*** Block opens ***

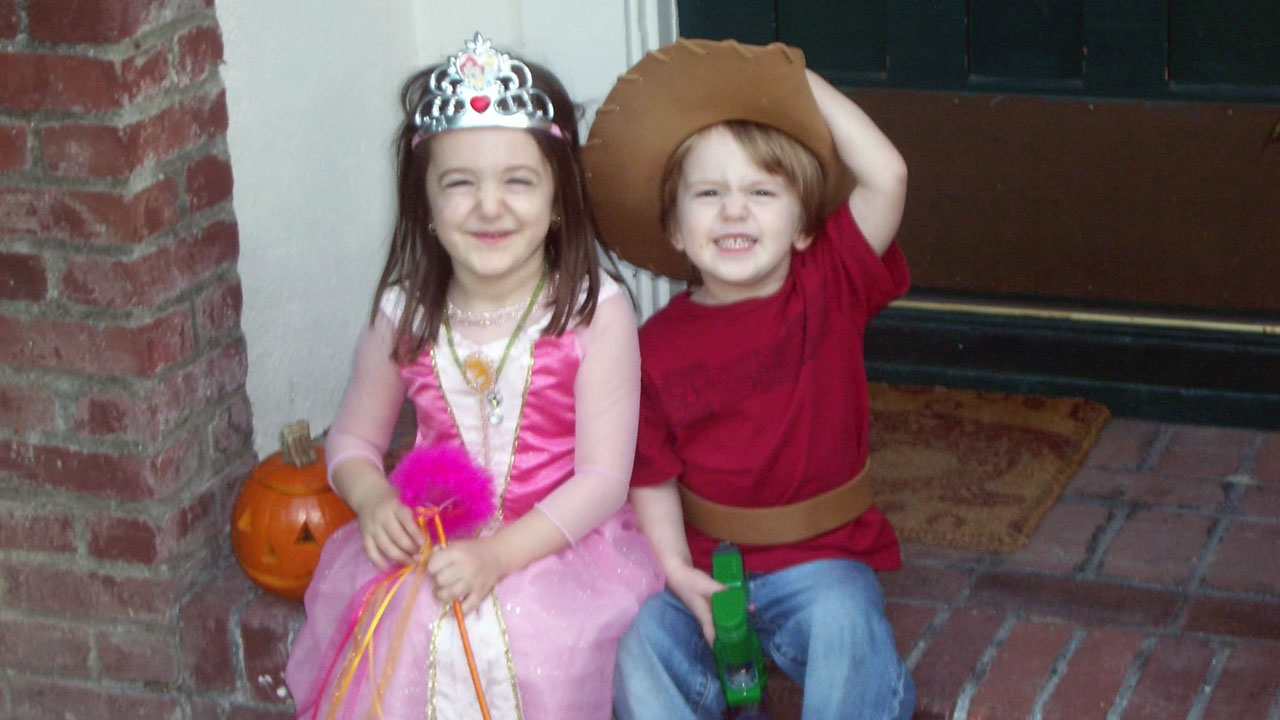 The author's kids, Mira (left) and Sam, sit dressed for Halloween on the doorstep of the family's former house in Altadena. (Courtesy of Rebecca Golbert)
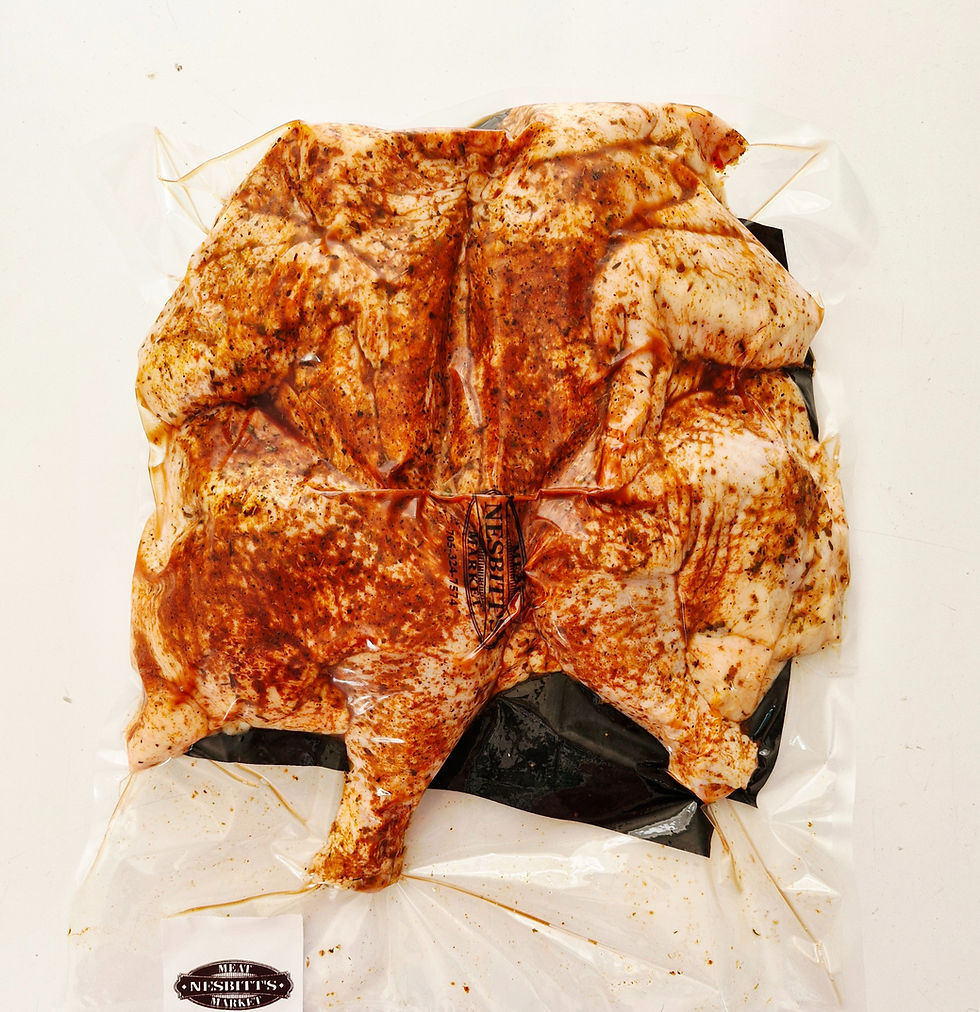 dry rub marinade on a flattened chicken
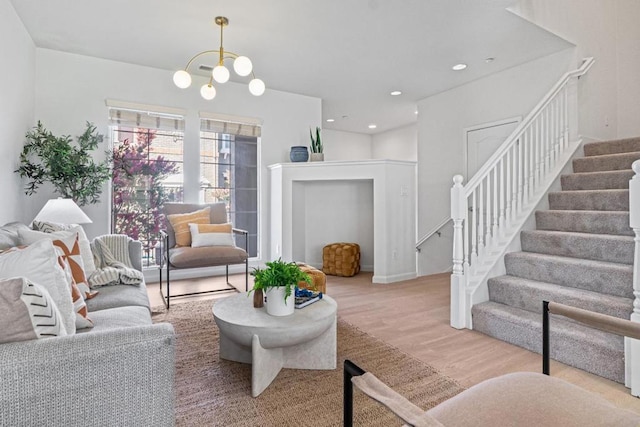 living room with an inviting chandelier and hardwood / wood-style floors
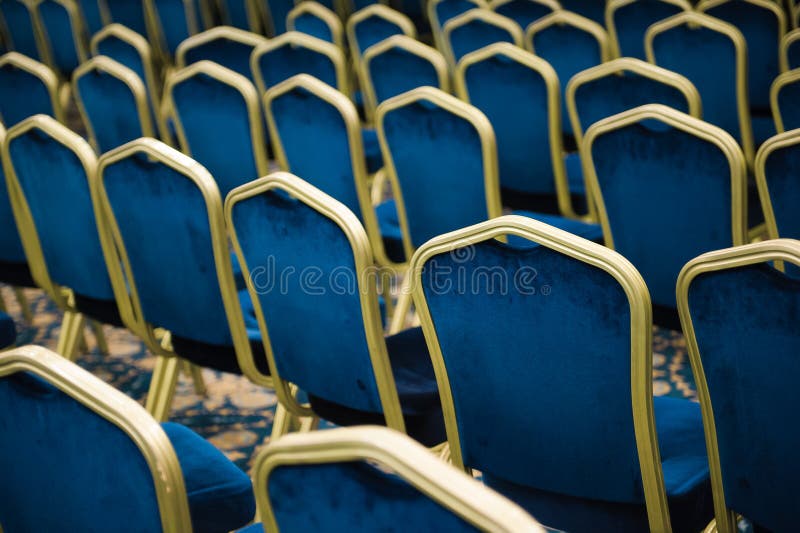 Empty cinema or theater auditorium, chairs befor meeting.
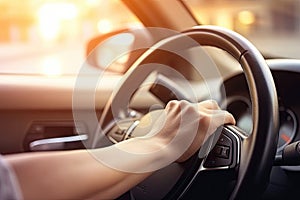 Close up hand holing or controlling steering wheel of car for driving, point of view inside car, on the highway road, with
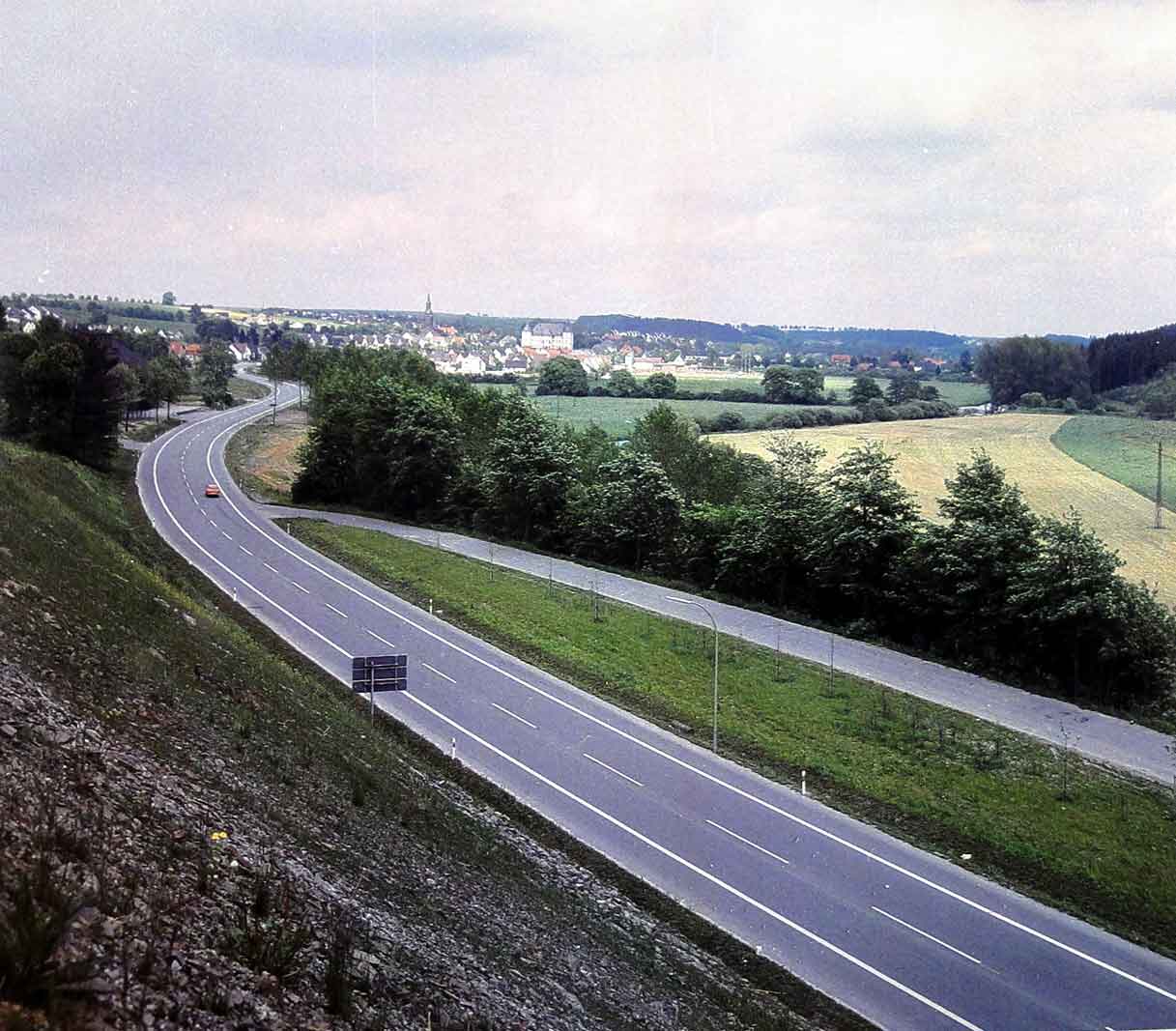 Blick ins Möhnetal / Von dem abgetragenen Hang bei Westendorf entstand um 1975 diese Aufnahme mit Blick auf die neue Möhnestraße B516. Gut zu erkennen ist rechts die alte Möhnestraße, die heute als Parkplatz genutzt wird. Die Kirche und das Kloster im Hintergrund strahlen im Licht der Sonne. Blick ins Möhnetal / Von dem abgetragenen Hang bei Westendorf entstand um 1975 diese Aufnahme mit Blick auf die neue Möhnestraße B516. Gut zu erkennen ist rechts die alte Möhnestraße, die heute als Parkplatz genutzt wird. Die Kirche und das Kloster im Hintergrund strahlen im Licht der Sonne.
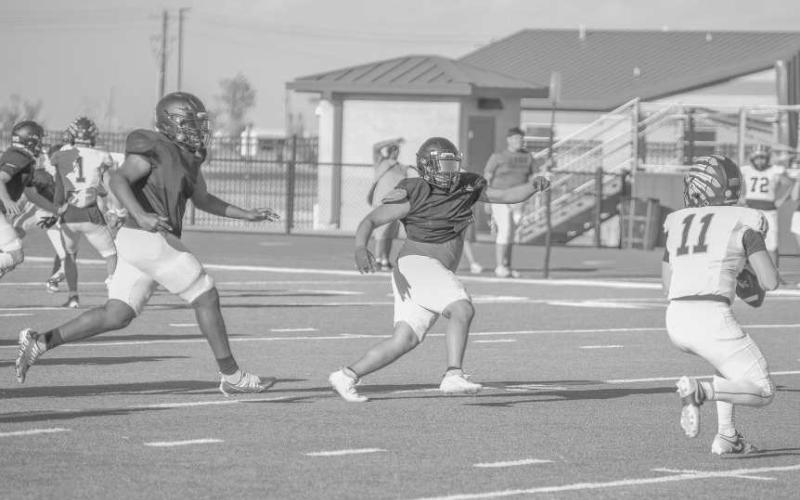 GET OVER HERE - Levelland Lobos Tanane Brackens and Zarian Valderas chased down the Seminole Indians quarterback this past Friday during the team’s first scrimmage of the year. (Staff photo by Dom Puente)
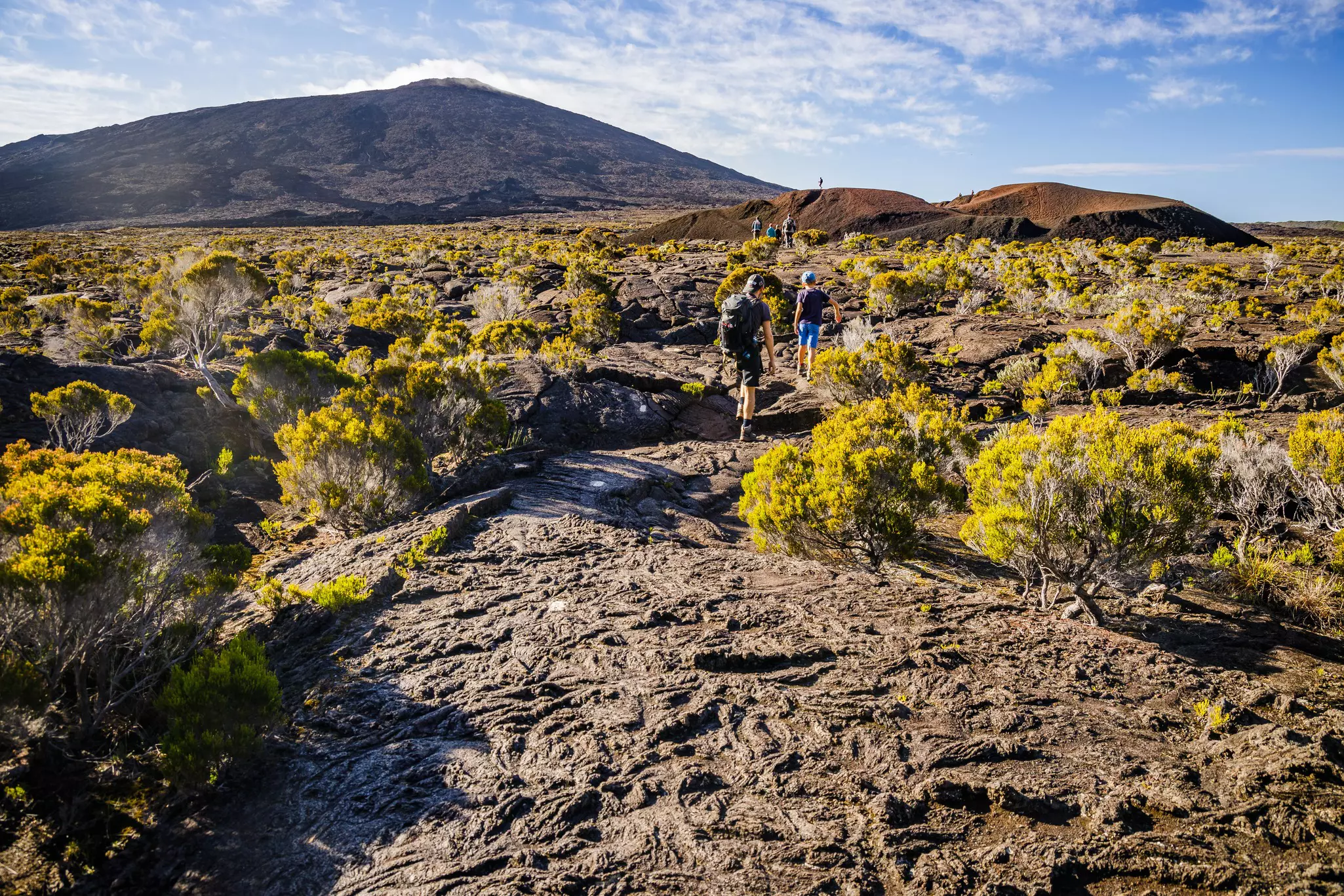 Hikers walking to the summit of the Piton de la Fournaise volcano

*** Block closes ***

**What you are asked to do**
Excluding pictures, copy exactly the lines from the line containing "der Sonne. Blick" through the last line of the data, inclusive.

**Result**
 Blick ins Möhnetal / Von dem abgetragenen Hang bei Westendorf entstand um 1975 diese Aufnahme mit Blick auf die neue Möhnestraße B516. Gut zu erkennen ist rechts die alte Möhnestraße, die heute als Parkplatz genutzt wird. Die Kirche und das Kloster im Hintergrund strahlen im Licht der Sonne. Blick ins Möhnetal / Von dem abgetragenen Hang bei Westendorf entstand um 1975 diese Aufnahme mit Blick auf die neue Möhnestraße B516. Gut zu erkennen ist rechts die alte Möhnestraße, die heute als Parkplatz genutzt wird. Die Kirche und das Kloster im Hintergrund strahlen im Licht der Sonne.
 GET OVER HERE - Levelland Lobos Tanane Brackens and Zarian Valderas chased down the Seminole Indians quarterback this past Friday during the team’s first scrimmage of the year. (Staff photo by Dom Puente)
 Hikers walking to the summit of the Piton de la Fournaise volcano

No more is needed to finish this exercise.